**Exercise aim**
Line by line, print the records exactly as they are, dropping the pictures.

**Excerpted records**
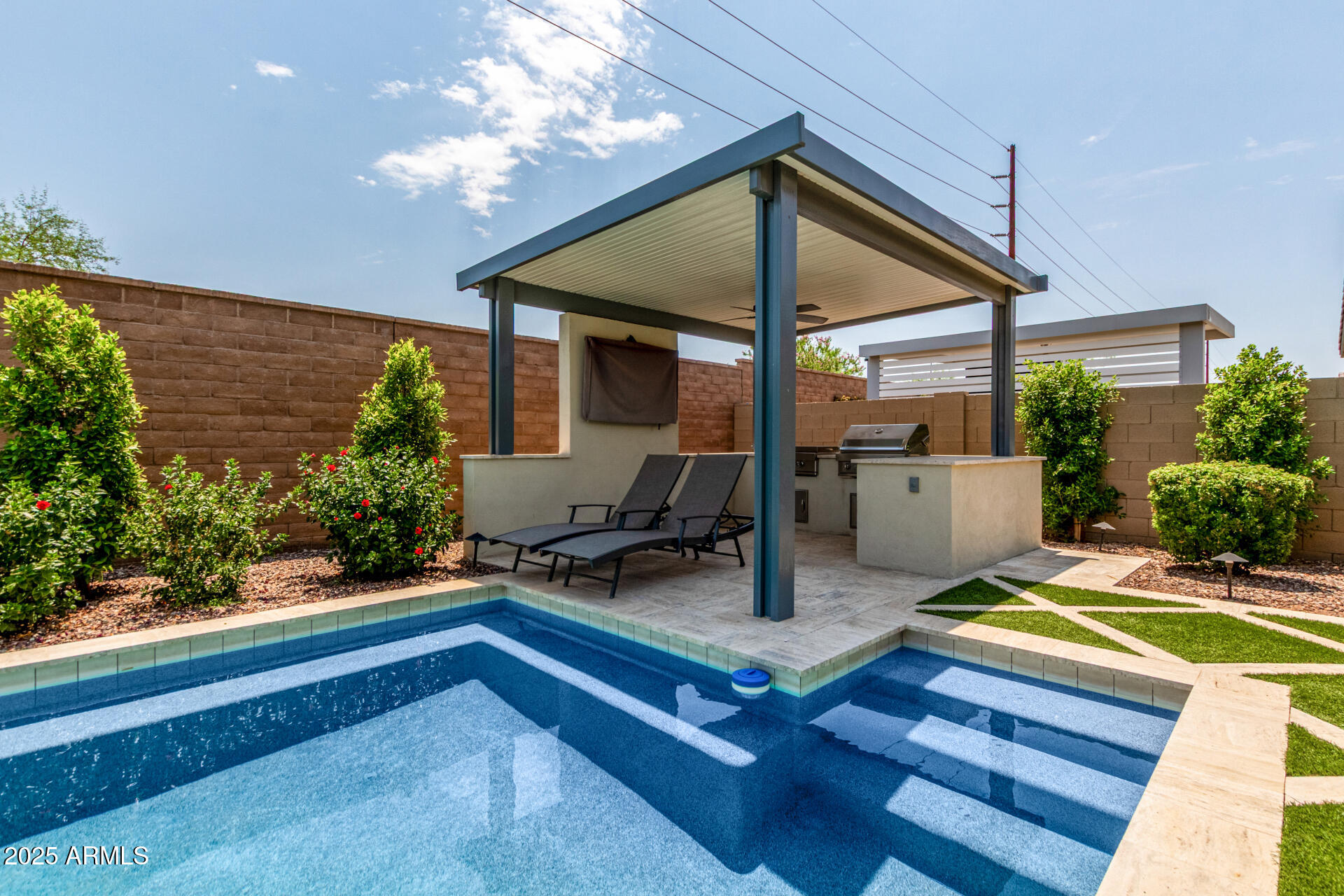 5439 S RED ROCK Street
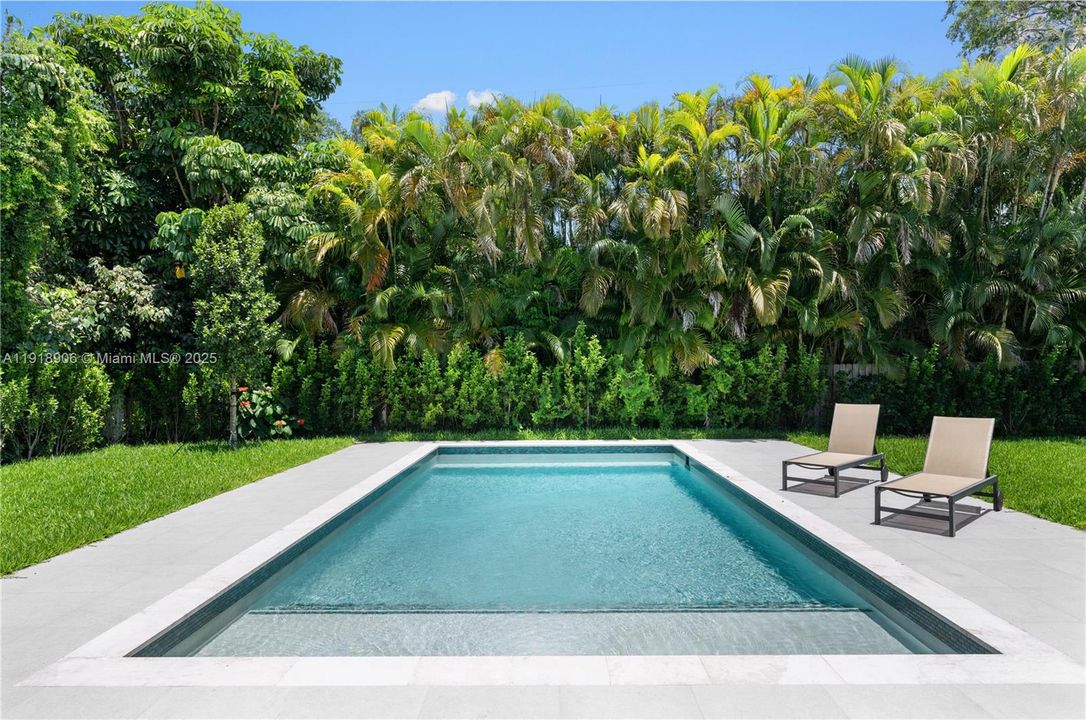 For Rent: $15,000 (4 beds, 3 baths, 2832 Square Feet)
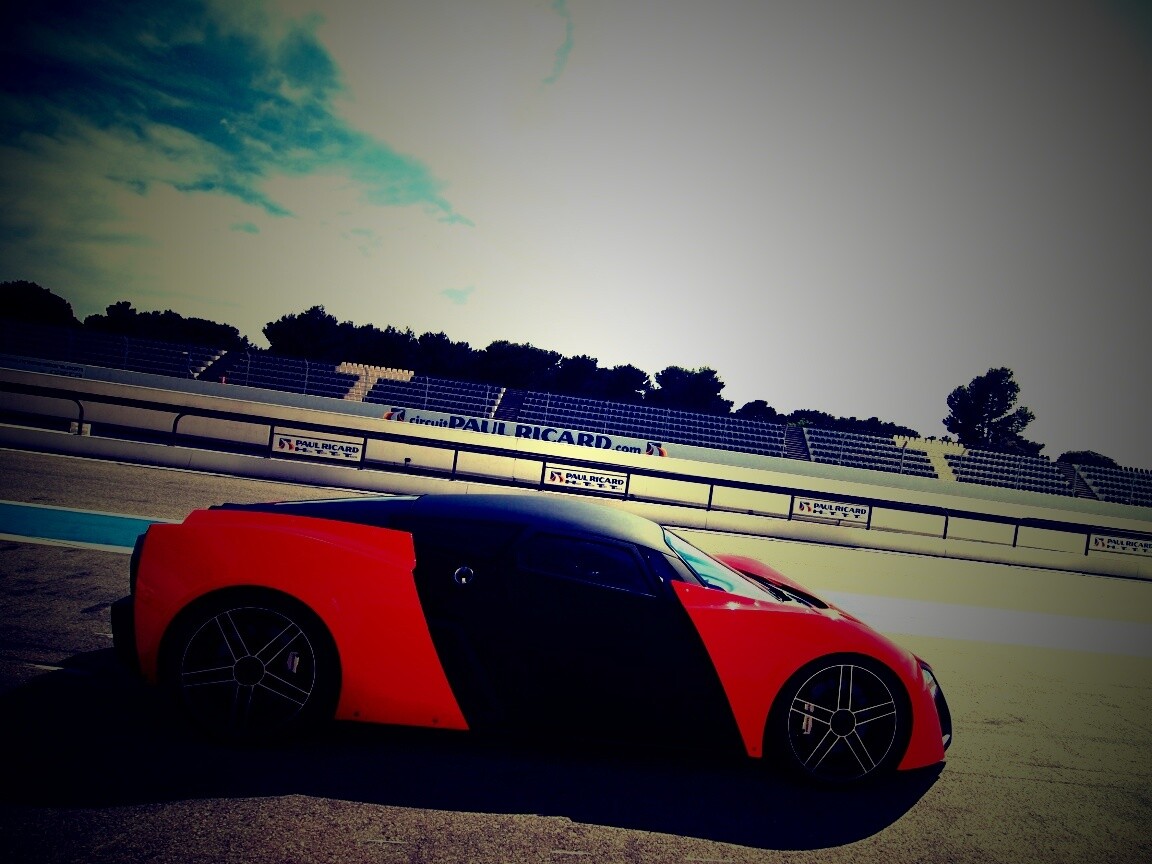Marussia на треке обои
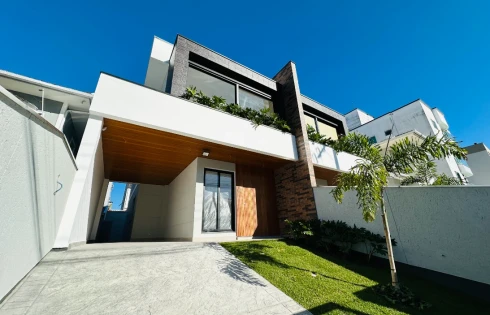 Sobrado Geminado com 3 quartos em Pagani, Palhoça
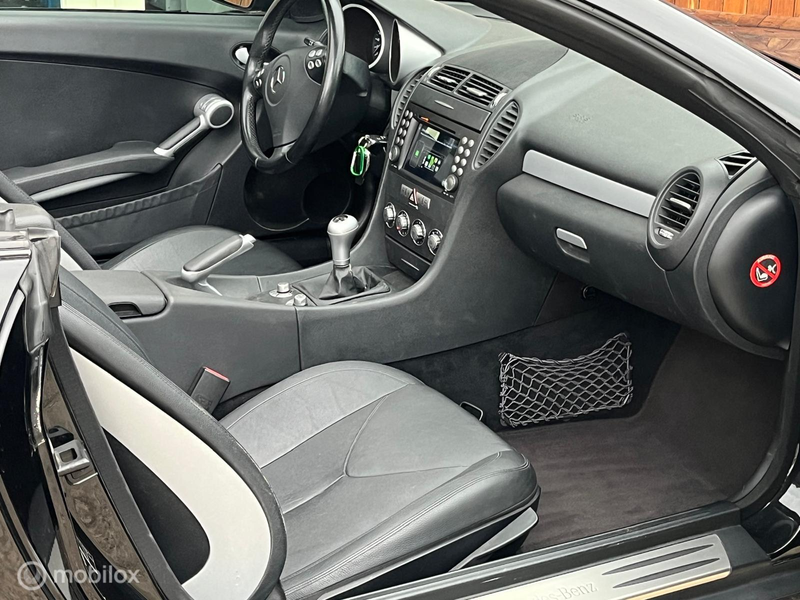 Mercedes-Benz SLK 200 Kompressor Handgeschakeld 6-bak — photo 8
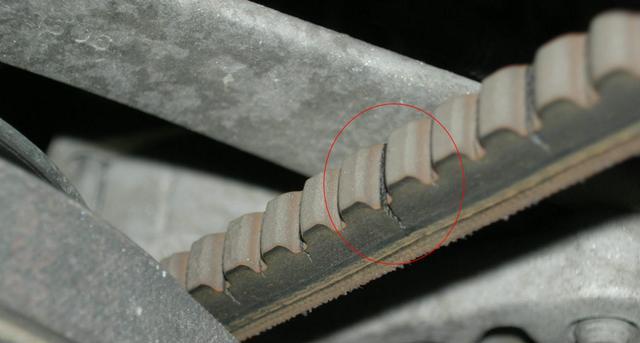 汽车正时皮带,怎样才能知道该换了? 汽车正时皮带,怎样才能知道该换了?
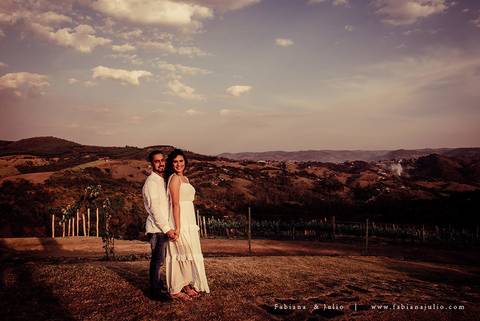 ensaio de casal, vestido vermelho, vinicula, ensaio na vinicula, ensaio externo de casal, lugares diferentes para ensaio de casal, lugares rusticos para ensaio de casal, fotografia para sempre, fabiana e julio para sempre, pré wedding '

**Response to the exercise**
 5439 S RED ROCK Street
 For Rent: $15,000 (4 beds, 3 baths, 2832 Square Feet)
Marussia на треке обои
 Sobrado Geminado com 3 quartos em Pagani, Palhoça
 Mercedes-Benz SLK 200 Kompressor Handgeschakeld 6-bak — photo 8
 汽车正时皮带,怎样才能知道该换了? 汽车正时皮带,怎样才能知道该换了?
 ensaio de casal, vestido vermelho, vinicula, ensaio na vinicula, ensaio externo de casal, lugares diferentes para ensaio de casal, lugares rusticos para ensaio de casal, fotografia para sempre, fabiana e julio para sempre, pré wedding '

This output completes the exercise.